Segment Start: DATA SHOWN

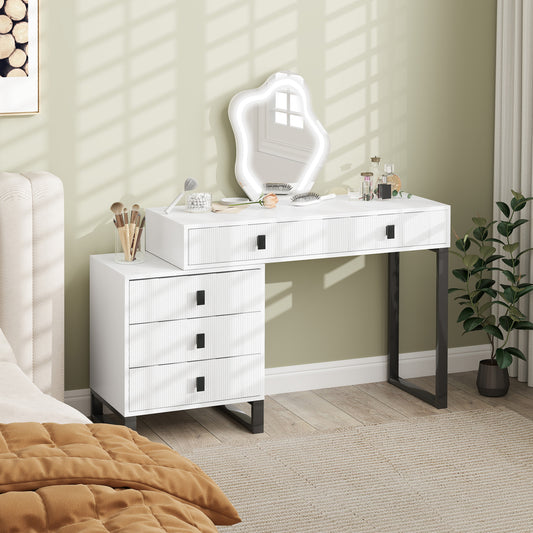 HOMCOM Dressing Table, Vanity Desk with Leaf Shape Mirror, Makeup Table with 5 Drawers, 3-Colour LED Lights, 100x40cm Tabletop, White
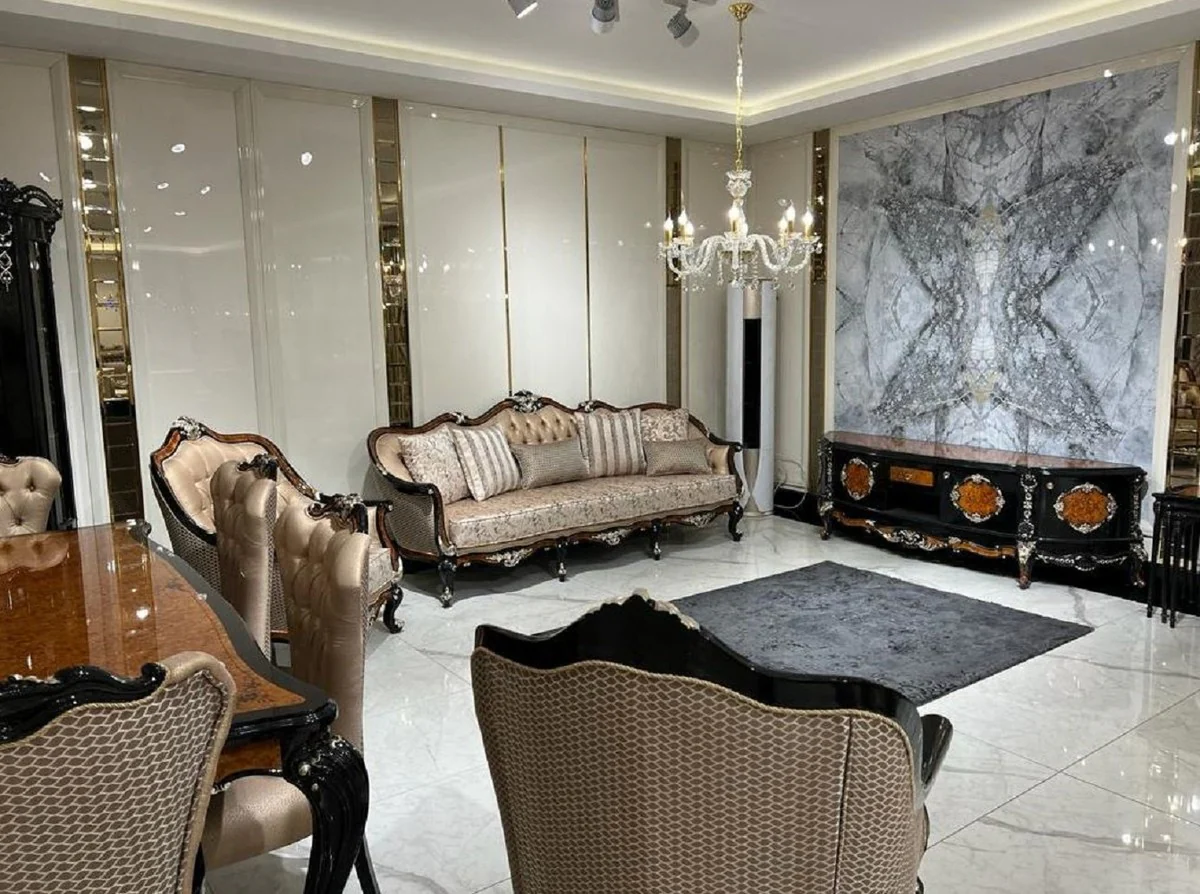 Luxury Baroque Living Room Sofa Gold / Brown / Black / Silver - Magnificent Baroque Style Sofa with Decorative Pillows - Luxury Living Room Furniture in Baroque Style - Baroque Furniture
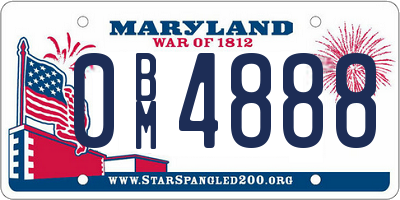 MD license plate 0BM4888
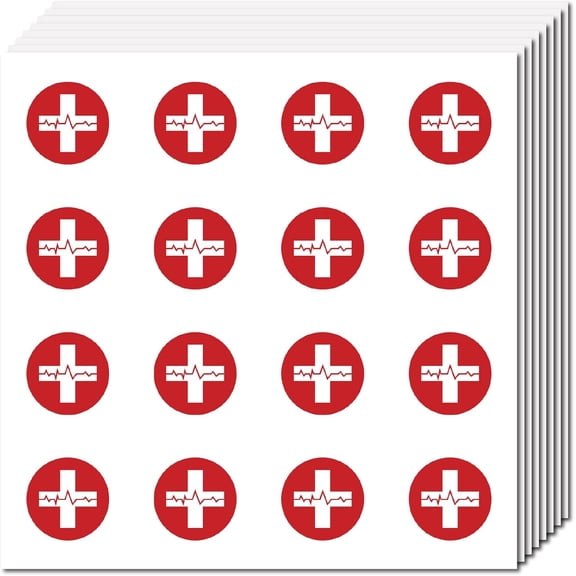 128Pcs Red Cross Stickers Decal Self-Adhesive Waterproof Sticker Round Bulk Vinyl Medical Small Stickers for Calendar Water Bottles Laptop Luggage Cup Mobile Phone 2.5x2.5cm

Segment End: DATA SHOWN

> WHAT TO WORK ON:
Retype verbatim only the lines beginning with the line that contains "Luxury Baroque Living" and ending with the last line of the listing above; pictures are to be excluded.

> EXERCISE ANSWER:
 Luxury Baroque Living Room Sofa Gold / Brown / Black / Silver - Magnificent Baroque Style Sofa with Decorative Pillows - Luxury Living Room Furniture in Baroque Style - Baroque Furniture
 MD license plate 0BM4888
 128Pcs Red Cross Stickers Decal Self-Adhesive Waterproof Sticker Round Bulk Vinyl Medical Small Stickers for Calendar Water Bottles Laptop Luggage Cup Mobile Phone 2.5x2.5cm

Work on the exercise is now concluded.